Himalayas found along the convergence of the Eurasian and Indian plates — Figure \(\PageIndex{2}\): [left] This satellite image shows the world's tallest mountains, labeling in red the 14 mountains that exceed 8,000 meters in elevation: Shisha Pangma, Gasherbrum II, Broad Peak, Gasherbrum I, Annapurna, Nanga Parbat, Manaslu, Dhaulagiri, Cho Oyu, Makalu, Lhotse, Kangchenjunga, K2, and Mount Everest. All of them are found in either the Karakoram or Himalayan mountain ranges (adapted from NASA; permitted use). [right] This picture shows the south face of Mount Everest, the world's tallest peak, and Gokyo Lake at the bottom (CC BY-SA 4.0; Zippy Monkey via Wikimedia Commons).

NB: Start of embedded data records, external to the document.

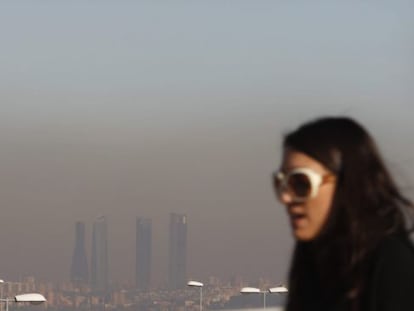 Madrid se acerca a la Navidad con cielos despejados y contaminación, como se aprecia en la foto, tomada hoy desde la vecina localidad de Pozuelo.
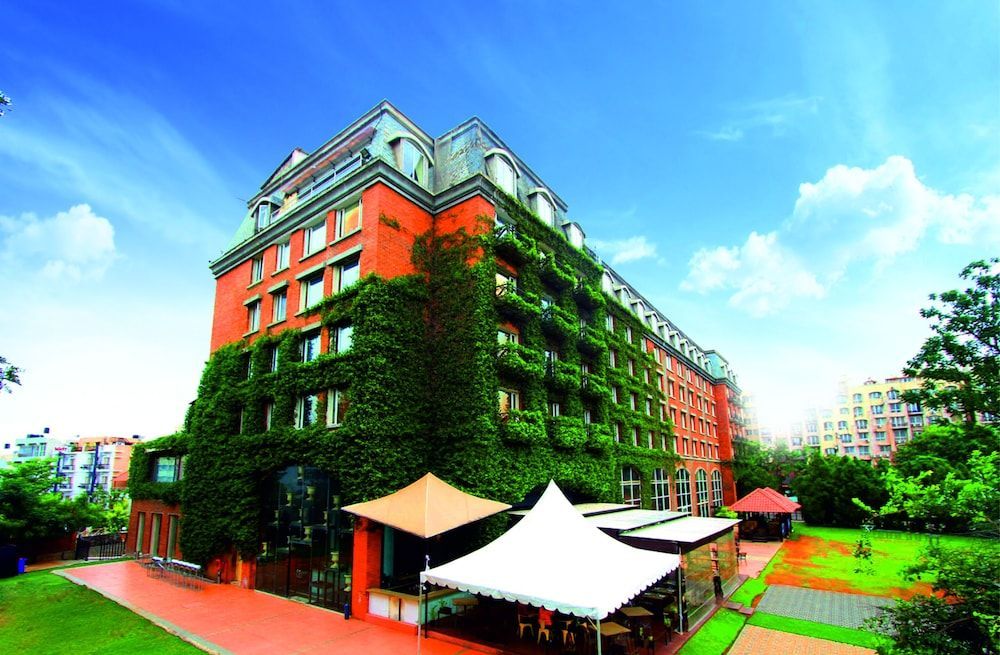 Hotel Royal Orchid Bangalore 1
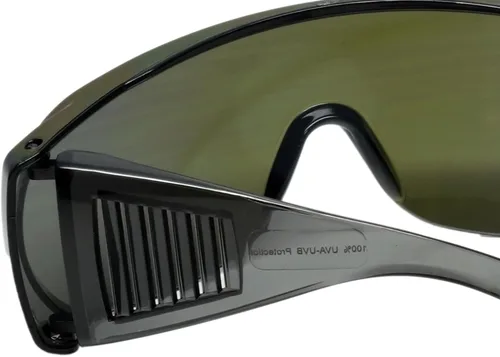 Vista 6 de Calabria 1003 Gafas de seguridad grandes que se ajustan sobre anteojos graduados Fitover para hombres y mujeres, envolventes, tintadas
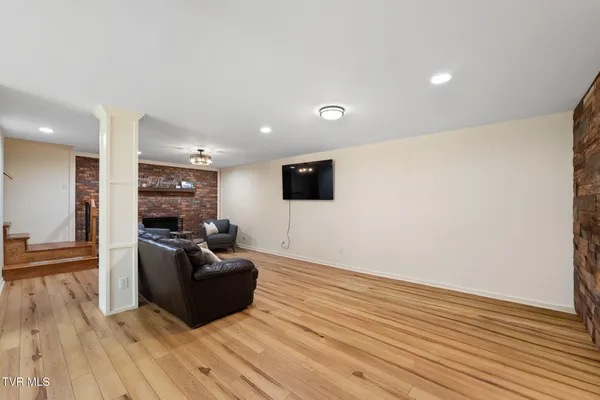 $424,500 | 19763 McCray Drive, Abingdon, VA 24211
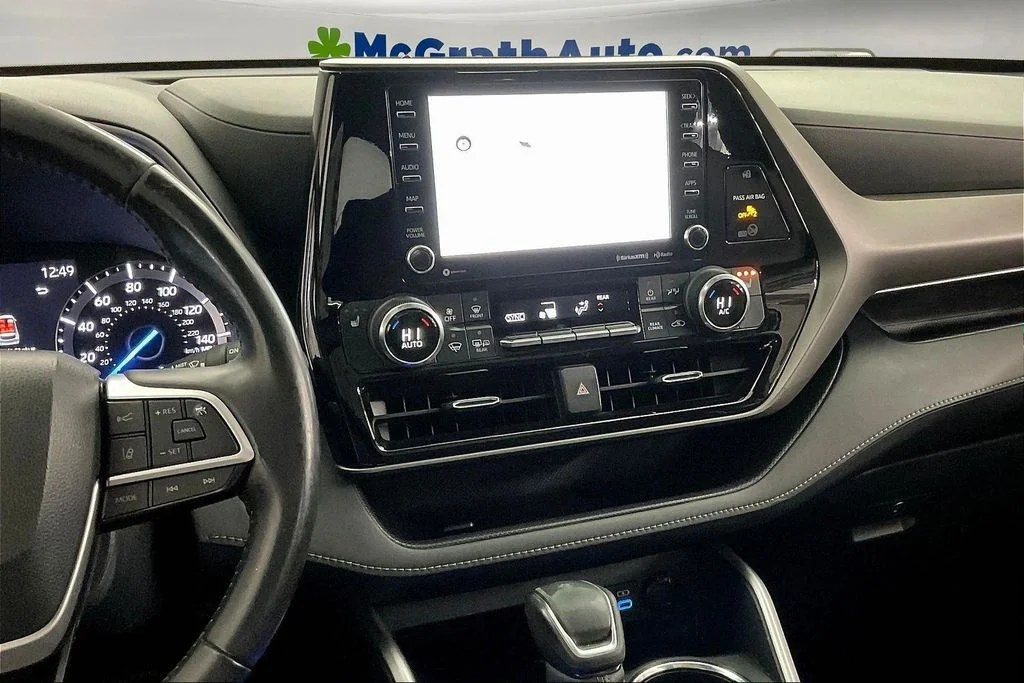 Used 2022 Silver Toyota XLE image 9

Hindu Kush Himalayan Hydrology

The Himalayas are part of a larger alpine system stretching across Eurasia known as the Hindu Kush Himalayan Region (HKH). It stretches 3500 kilometers across eight countries: Afghanistan, Bangladesh, Bhutan, China, India, Nepal, Myanmar, and Pakistan. The Hindu Kush Himalaya are arguably the world’s most important water tower. The ranges store the largest volume of ice and snow outside of the Arctic and Antarctica and are often referred to as “the third pole.” These glaciated mountains are the source of water for ten of Asia’s largest rivers. Together, they support the drinking water, irrigation, and energy for over 240 million people in the region and another 1.9 billion people living downstream.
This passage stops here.